Overview
beomi/gemma-mling-7b is an 8.5 billion parameter Gemma-based model developed by Junbum Lee and Taekyoon Choi. It has been continually pretrained on a diverse multilingual corpus, with a particular focus on Korean, English, Chinese, and Japanese, in addition to 500 other languages. The training involved a mixture of multiple language datasets, including sampled Llama2ko datasets for Korean and English, SkyPile-150B, Glot500, and cc100-ja, totaling 486.7 GB of data.
Key Capabilities
- Multilingual Text Generation: Optimized for generating text in Korean, English, Chinese, and Japanese, as well as other languages from its 500-language corpus.
- Causal Language Modeling: Functions as a base model for various natural language processing tasks.

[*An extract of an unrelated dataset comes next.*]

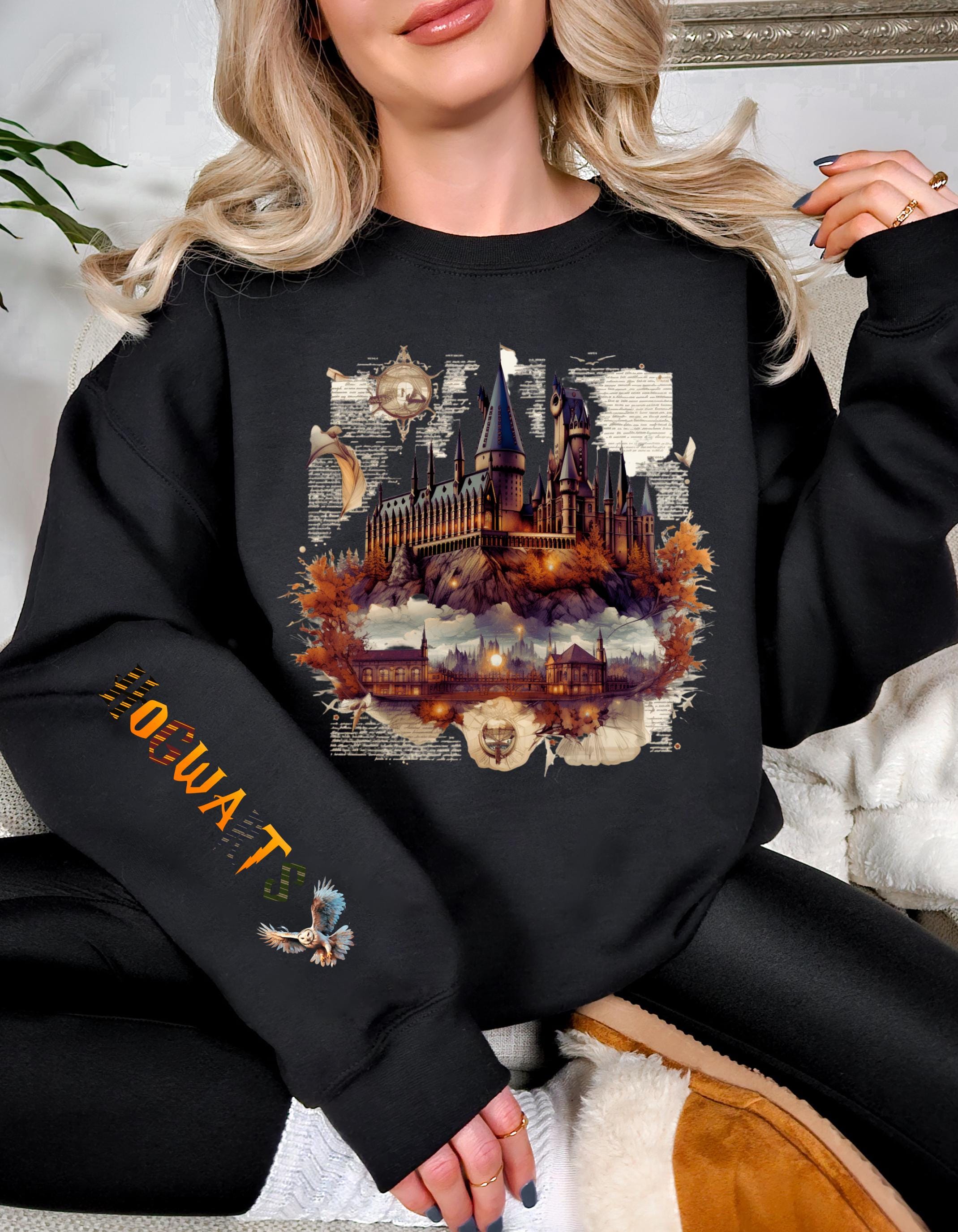 Magische Welt Schloss Schule Sweatshirt - Fantasy Bekleidung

- Research and Development: Serves as a foundation for NLP research and development, allowing for experimentation with new techniques and algorithms.
Evaluation Highlights
The model's performance was evaluated using various benchmarks, including EleutherAI/lm-evaluation-harness and Stability-AI/lm-evaluation-harness (jp-stable branch). Notable scores include 61.76 on MMLU (5-shot), 42.75 on KMMLU (Exact Match), and strong results across XCOPA and JP Eval Harness tasks, demonstrating its multilingual proficiency.
Intended Usage
This model is suitable for a wide range of applications, including content creation (text generation, code, marketing copy), research (NLP research, knowledge exploration), and educational tools (language learning, grammar correction). Its multilingual focus makes it particularly valuable for applications targeting diverse linguistic audiences.